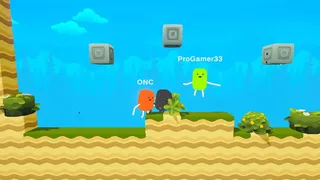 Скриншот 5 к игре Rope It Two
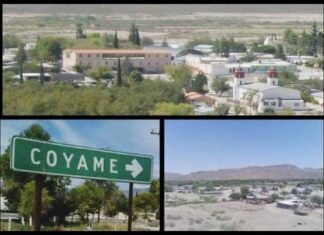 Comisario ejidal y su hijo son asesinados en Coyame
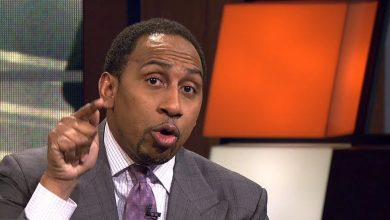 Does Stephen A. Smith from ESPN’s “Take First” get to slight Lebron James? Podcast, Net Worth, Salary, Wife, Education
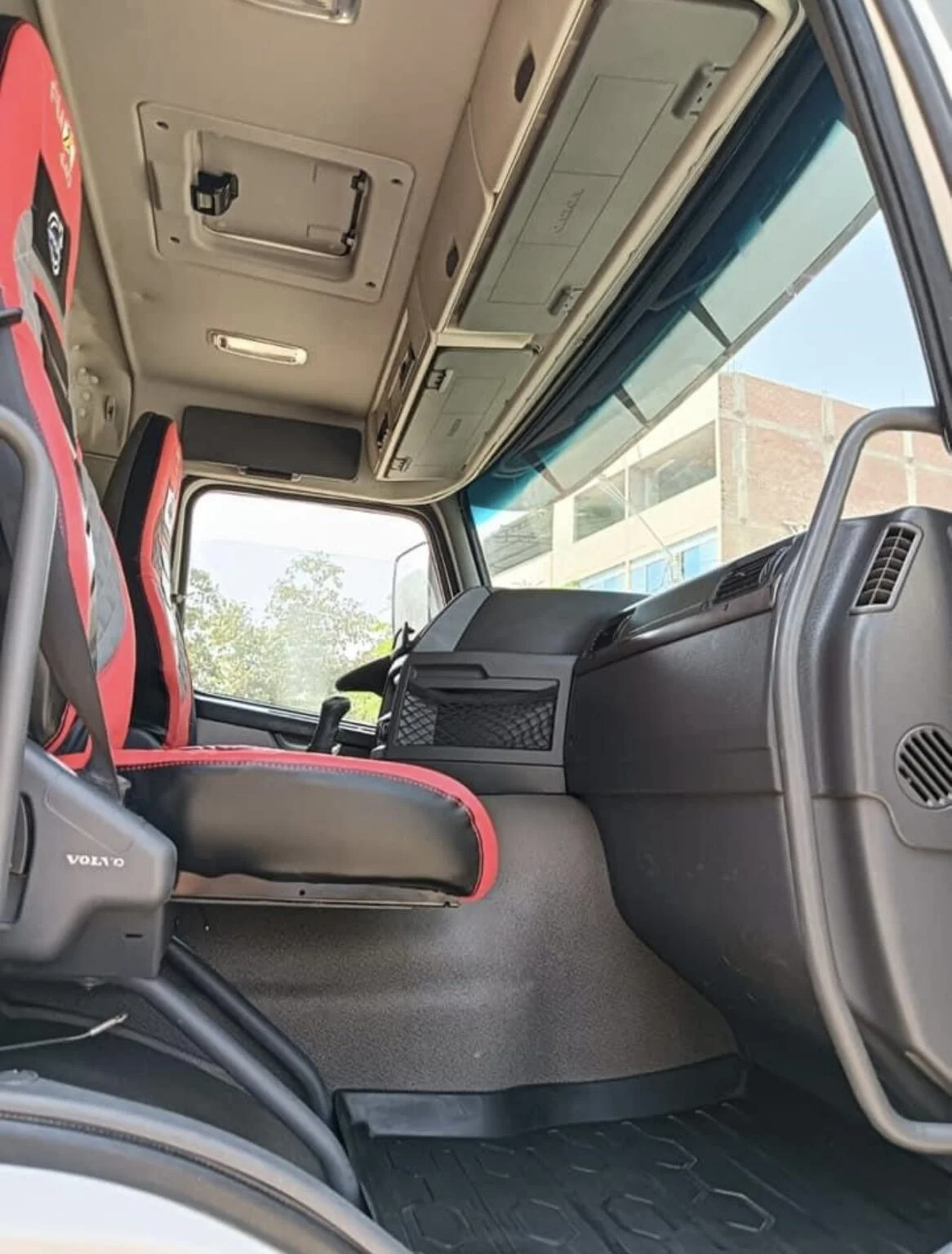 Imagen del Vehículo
══════════════════════════════
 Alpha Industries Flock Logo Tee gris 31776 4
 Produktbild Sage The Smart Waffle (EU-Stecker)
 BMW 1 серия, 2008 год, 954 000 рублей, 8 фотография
══════════════════════════════
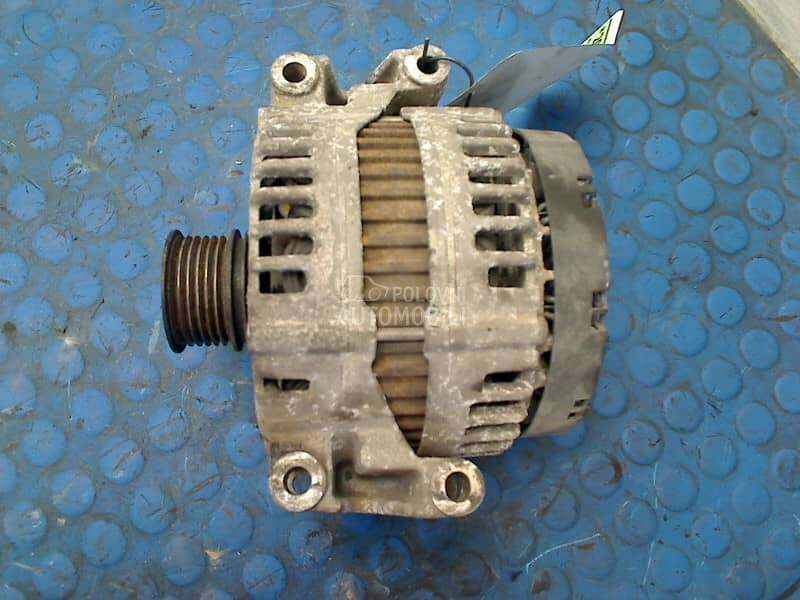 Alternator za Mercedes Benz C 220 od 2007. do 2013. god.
══════════════════════════════
What you should do
Line for line, output the entries above from the line with "Comisario ejidal y" to the line with "Imagen del Vehículo", both included, and nothing more. Skip pictures.

Exercise answer
 Comisario ejidal y su hijo son asesinados en Coyame
 Does Stephen A. Smith from ESPN’s “Take First” get to slight Lebron James? Podcast, Net Worth, Salary, Wife, Education
 Imagen del Vehículo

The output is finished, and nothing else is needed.